◆ Activity:
A full, exact copy of the listing is needed, with images omitted.

◆ Input data:
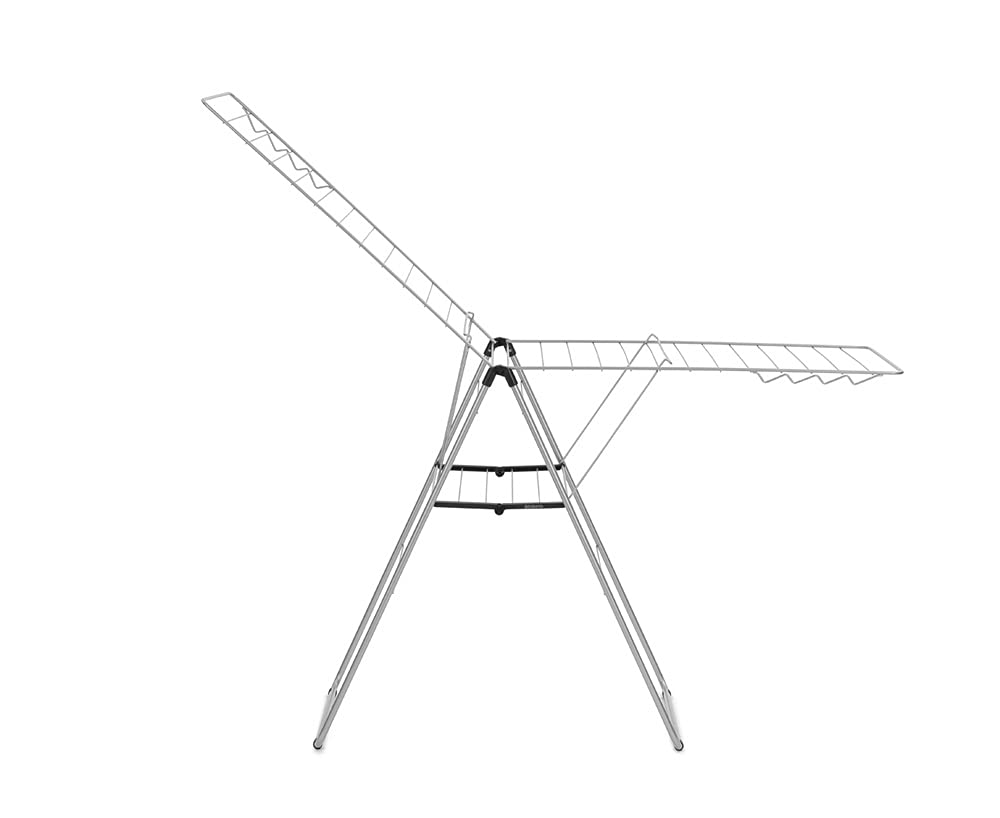 Brabantia HangOn Laundry Drying Rack (25m / Metallic Grey) Compact  Foldaway  Adjustable Indoor Stainless Steel Clothes Horse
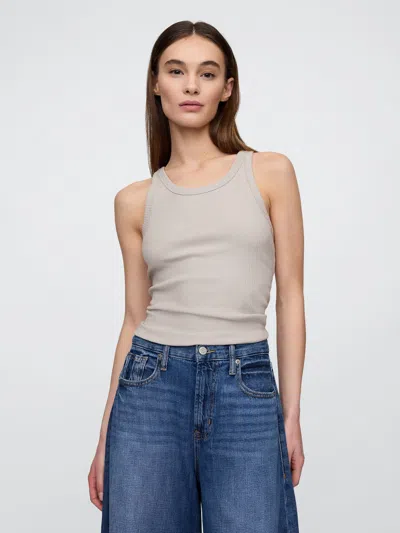 Gap Factory Ribbed Scoopneck Tank Top In Gray
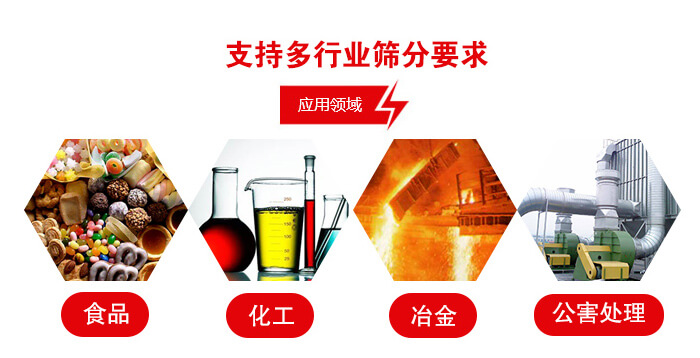 旋振篩適用的行業(yè)：食品行業(yè)，化工行業(yè)，冶金行業(yè)，公害處理等。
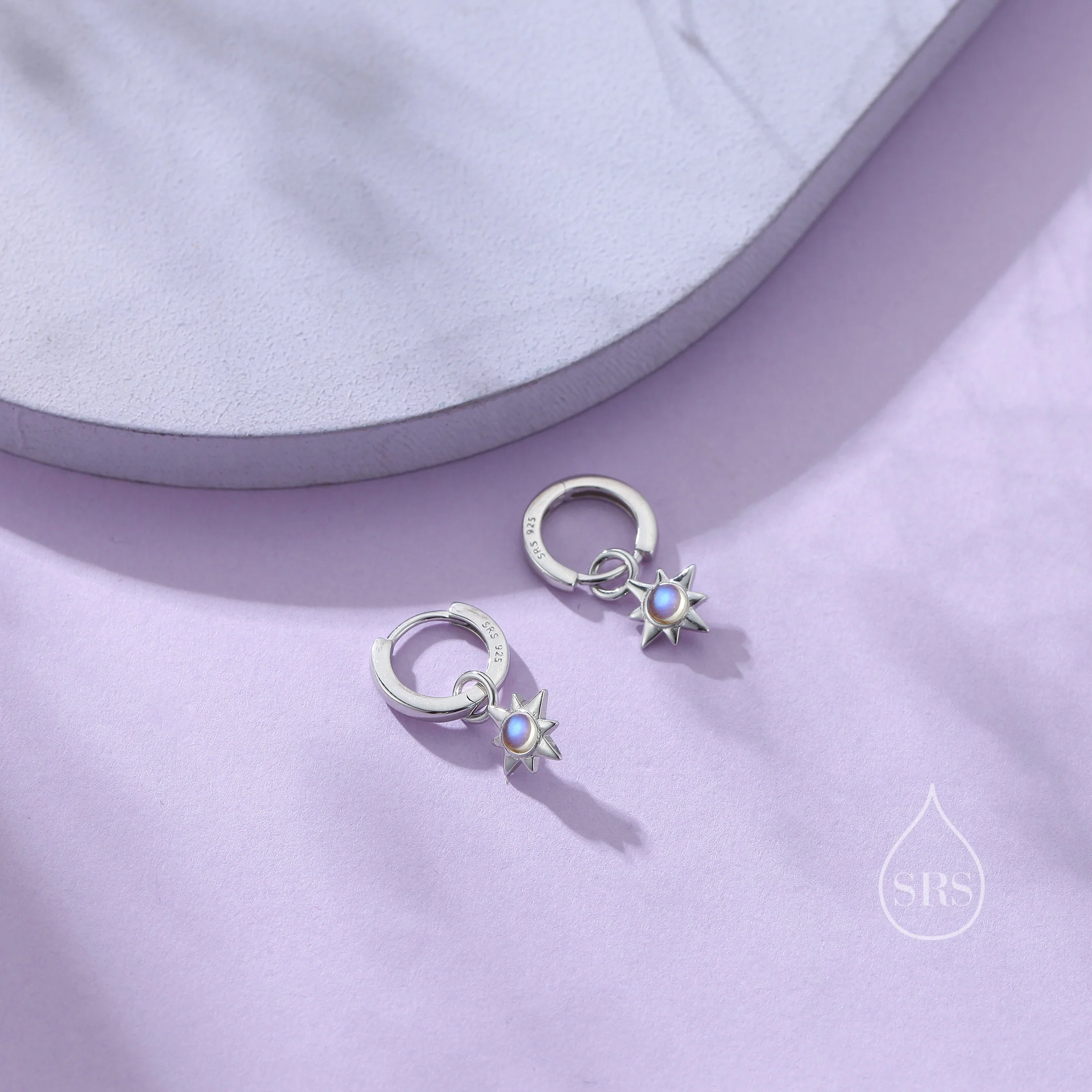 Moonstone Starburst Huggie Hoop Earrings in Sterling Silver, Simulated Moonstone North Star Detachable Drop Earrings, Delicate Star Earrings - Image 3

◆ Solved problem:
 Brabantia HangOn Laundry Drying Rack (25m / Metallic Grey) Compact  Foldaway  Adjustable Indoor Stainless Steel Clothes Horse
 Gap Factory Ribbed Scoopneck Tank Top In Gray
 旋振篩適用的行業(yè)：食品行業(yè)，化工行業(yè)，冶金行業(yè)，公害處理等。
 Moonstone Starburst Huggie Hoop Earrings in Sterling Silver, Simulated Moonstone North Star Detachable Drop Earrings, Delicate Star Earrings - Image 3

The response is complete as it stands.